Too many ‘ands’. The part about the spiral sitting on the desk is unnecessary so you can just cut the middle part right out.
As well, you don’t need to capitalize the word ‘spiral’. Think of it as an animal name. If you were writing about tigers, you wouldn’t capitalize the word tiger in a sentence.
Quote:
The spiral lifts up it's little cookie triumphantly and eats it right down with a satisfactory smile.
Try: ‘...it’s little cookie triumphantly and downs it with a satisfactory smile.’
Quote:
A boy quite taller than Kes stumbles in, obviously missing his cue yet not wanting to miss his part.
Should be: ‘quite a bit taller’
Quote:
A Skydancer pokes its head through the door he came through and snapped at the the pencil in his hand, and Celadon consequently drops it and scowls at the Skydancer before stroking it's head.
Same thing as above. No need to capitalize skydancer.
You changed tenses again from present to past. ‘Snapped’ should be ‘snaps’.
The sentence runs a little long. You can probably cut it in half when Celadon drops the pencil.
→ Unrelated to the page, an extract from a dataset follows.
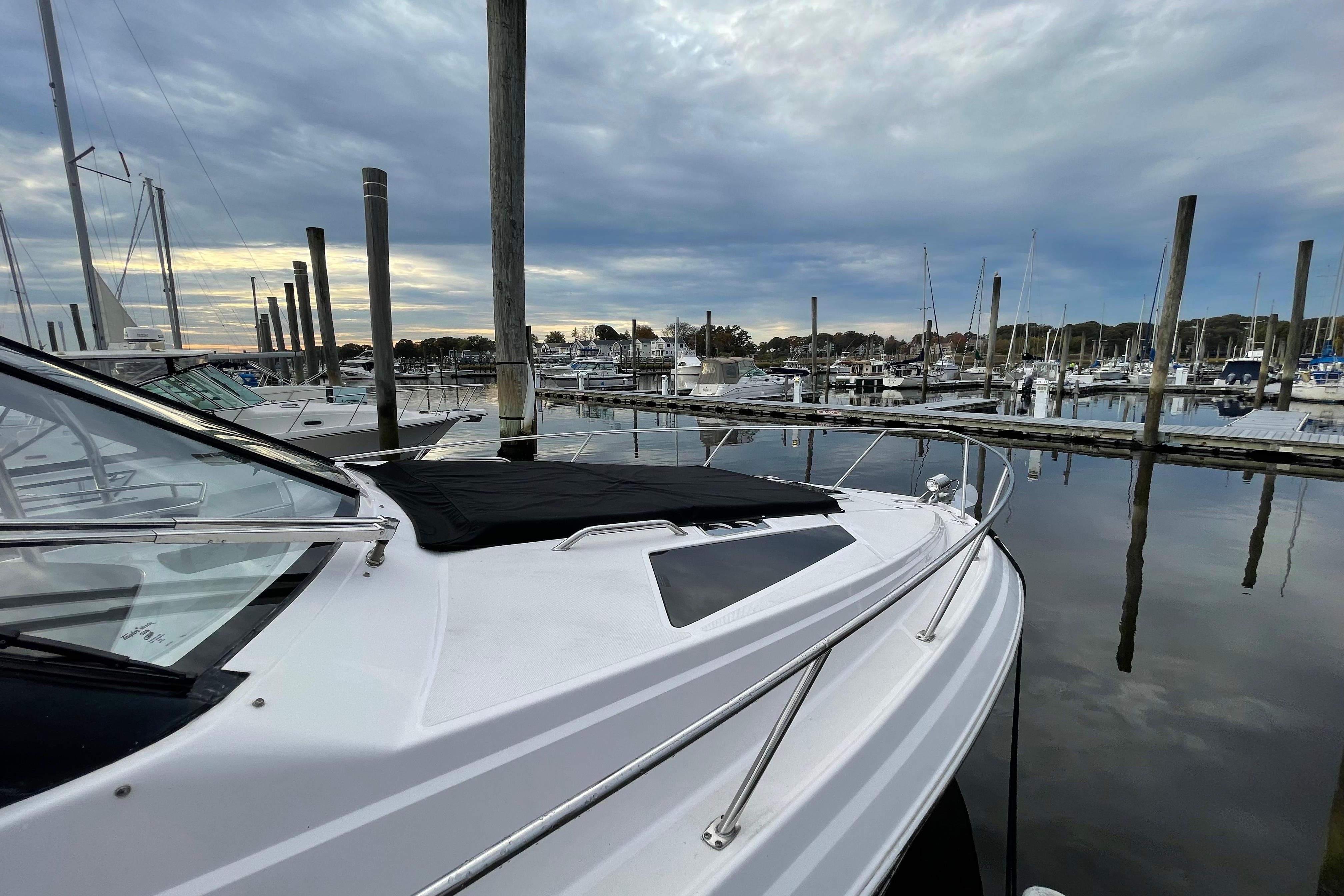 2012 Regal 35 Sport Coupe docked in a serene marina under cloudy skies.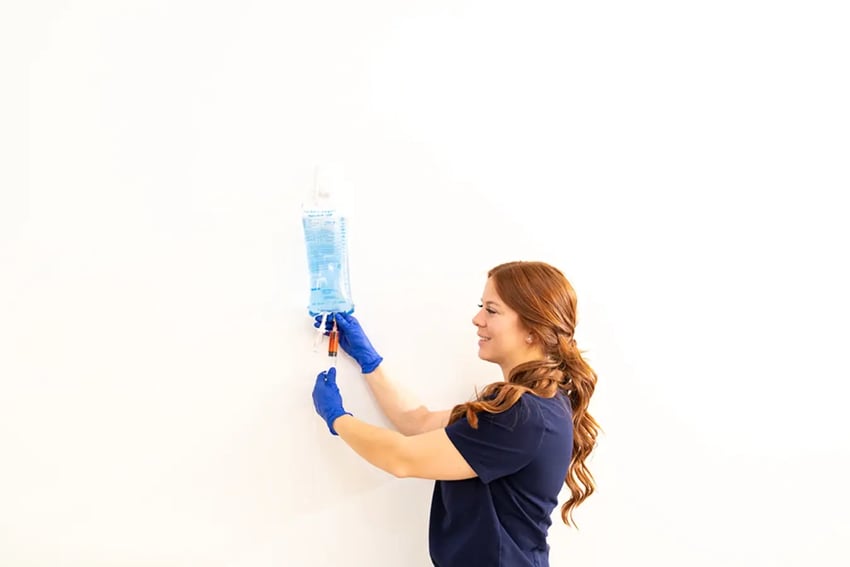 Hydration Room Nurse Injecting Vitamins Into IV Bag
I’m also not sure if you should be using Celadon’s name before he’s introduced himself, but of course, that’s up to your discretion!
Quote:
“Kes’ business partner of sorts,” he says picking up his fallen pencil and continues to pet the curious dragon's head.
Two ways to fix this. ‘...picking up his fallen pencil and continuing to pet...’ or ‘...picking up his fallen pencil as he continues to pet...’
Quote:
“So I also run this shop,” he says with a slight pout at Kes for not being mentioned before, “and I draw human OCs and humanoids with paper pencil as well. I also write bios and lore as well.”
Do you mean ‘paper and pencil’?
Quote:
They stand in silence for a second both thinking of what they could have missed.
Comma after ‘second’
Quote:
Um… For all services we need details and specifics depending on what you would like.
No need to capitalize after an ellipse.